In order to provide the ability to display lines the portion of the
instruction register 52 where dX/dY is stored is connected through
an absolute value converter 226 to an adder 228. Also connected to
the adder 228 is the first nine bits of the portion in which the
value Xi is stored in the instruction register 52. The output of
the adder 228 is connected to a set of AND gates 230 which are
enabled by a signal SV from the clock and logic circuitry 100. The
output of the AND gates 230 are connected through an OR gate 232 to
the count register 58 which provides an output signal CZ which is
supplied to the clock and logic circuitry 100. In order to allow
constant intensity signals to be provided for a count where a
priority bit exists, the first nine bits of the portion of the
instruction register 52 where dI/dX is stored is connected to one
input of a set of AND gates 234 which are enabled by a signal SW.

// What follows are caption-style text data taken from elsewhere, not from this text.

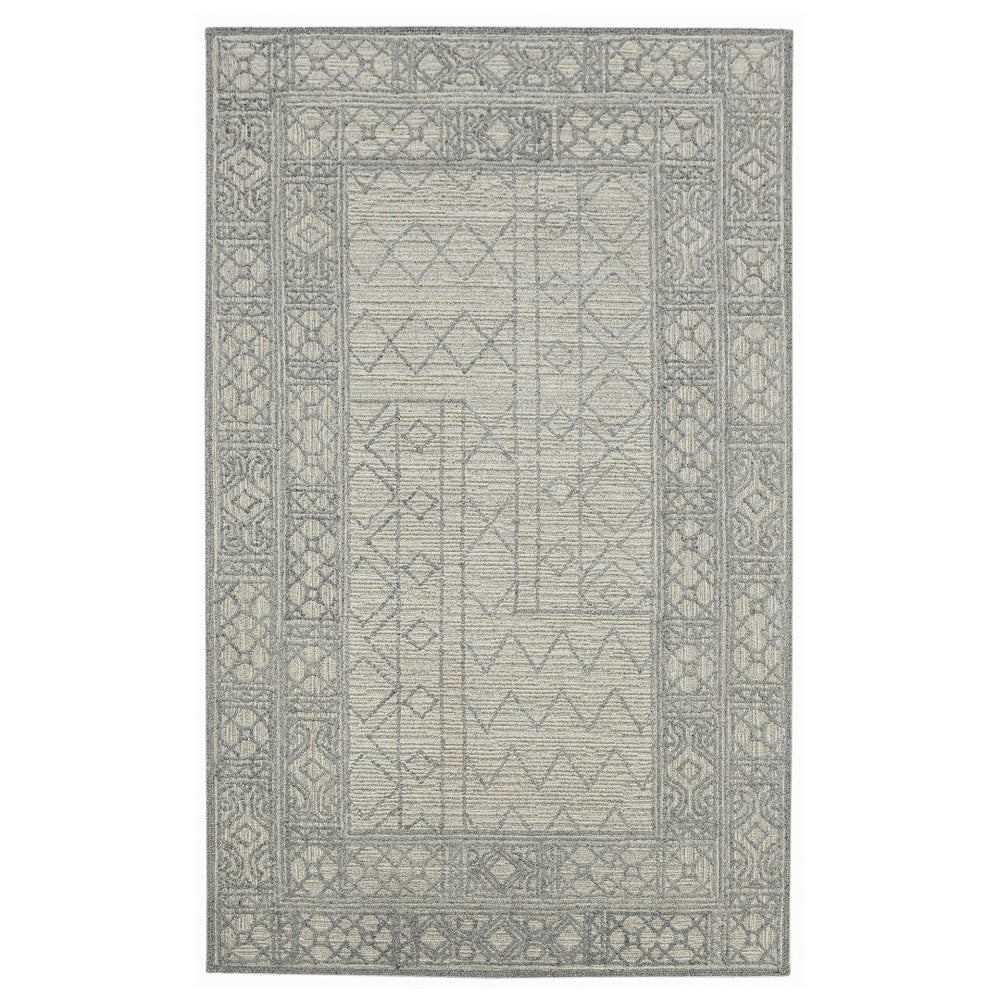 AMER Rugs Berlin BER-4 Hand-Hooked Geometric Farmhouse Area Rug Gray 9' x 13'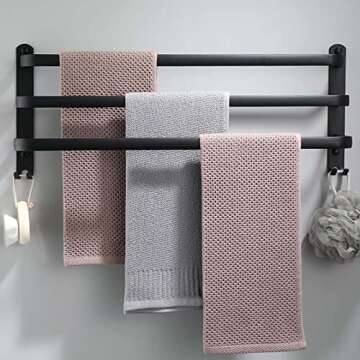 Black Towel Bar Towel Rack, 24 Inch Towel Racks for Bathroom Wall Mounted, Hand Towel Holder Bathroo...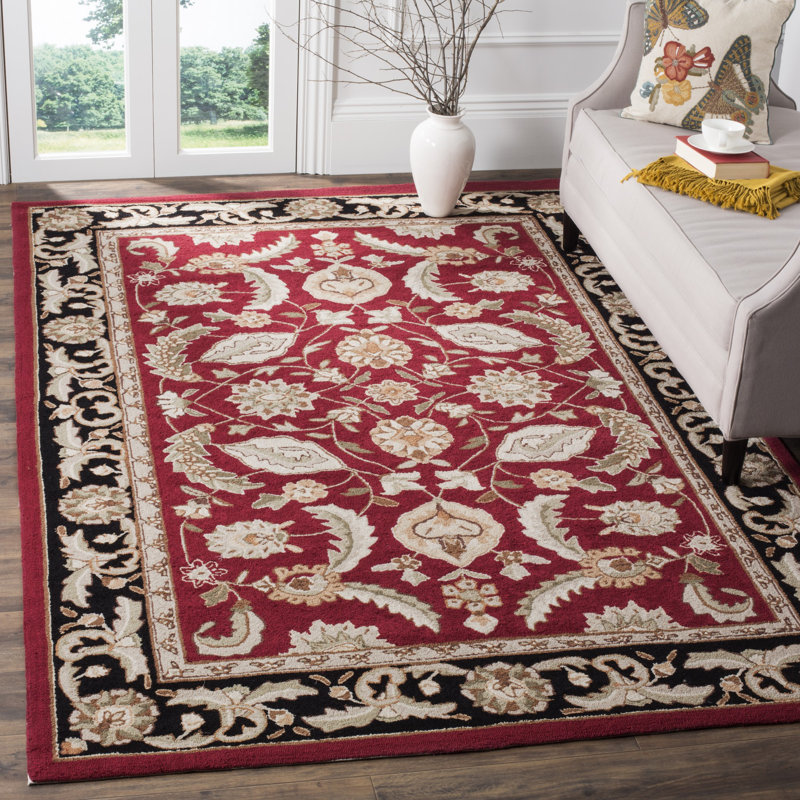 Handmade Red Synthetic Reversible Rectangular 6' x 9' Rug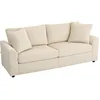Image de HOMCOM Canapé 3 Place Velours côtelé 212 cm, canapé Moderne avec 2 oreillers Inclus, Coussins à Ressorts, accoudoirs et Dossier rembourrés, Sofa pour Salon, Chambre, Bureau, crème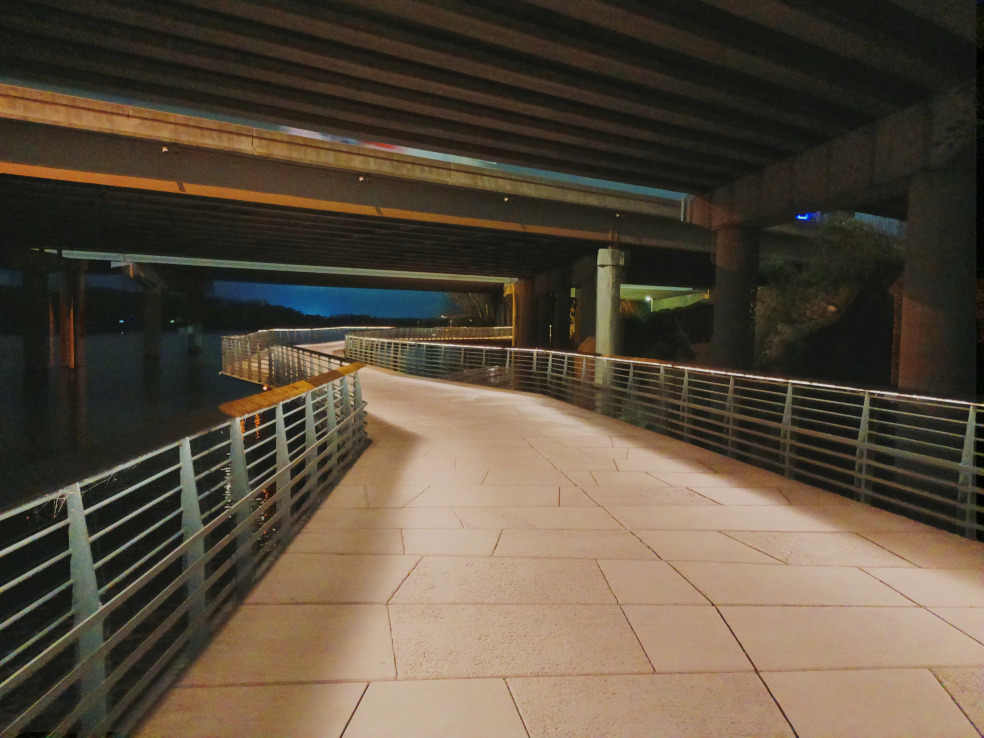 Bike path in Austin, TX under Hwy 35 bridge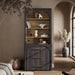72" Tall Arched Storage Cabinet with Hutch, Bookcase with Open Shelves
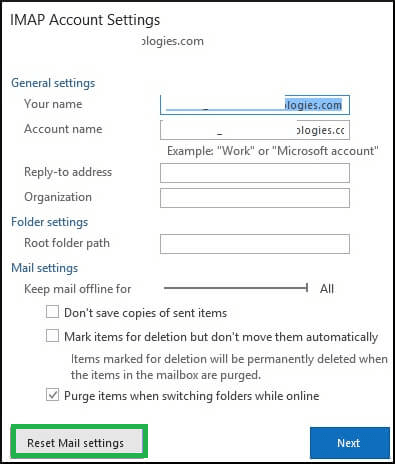 Check your mailbox settings and click on Reset mail settings
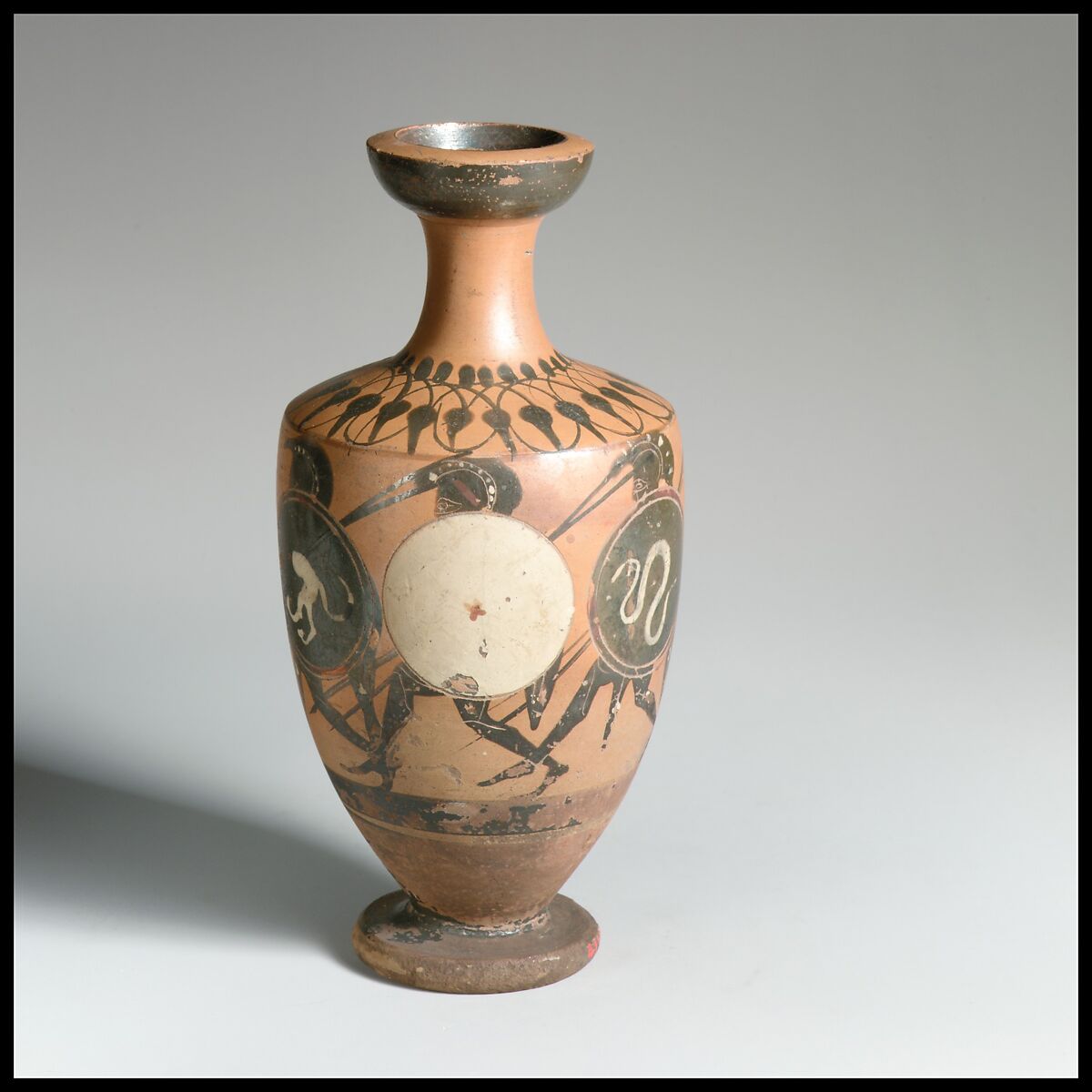 Lekythos, Attributed to the Class of Athens 581, Terracotta, Greek, Attic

The output of the AND gates 234 is connected to a second input of
the OR gates 232. The count register 58 is counted down by a signal
SCX supplied from the clock and logic circuitry 100. The various
modes which may be specified by the mode instruction bits of the
boundary definition are set forth as follows:
Mode
000 -- Turn beam off
001 -- Line mode
010 -- Linear shading (Initialize shader)
011 -- Return to mode 010 (do not reinitialize shader)
100 -- Constant Intensity mode
101 -- Constant Intensity for Count (then return to mode 010)
110 -- O-D mode (display point information)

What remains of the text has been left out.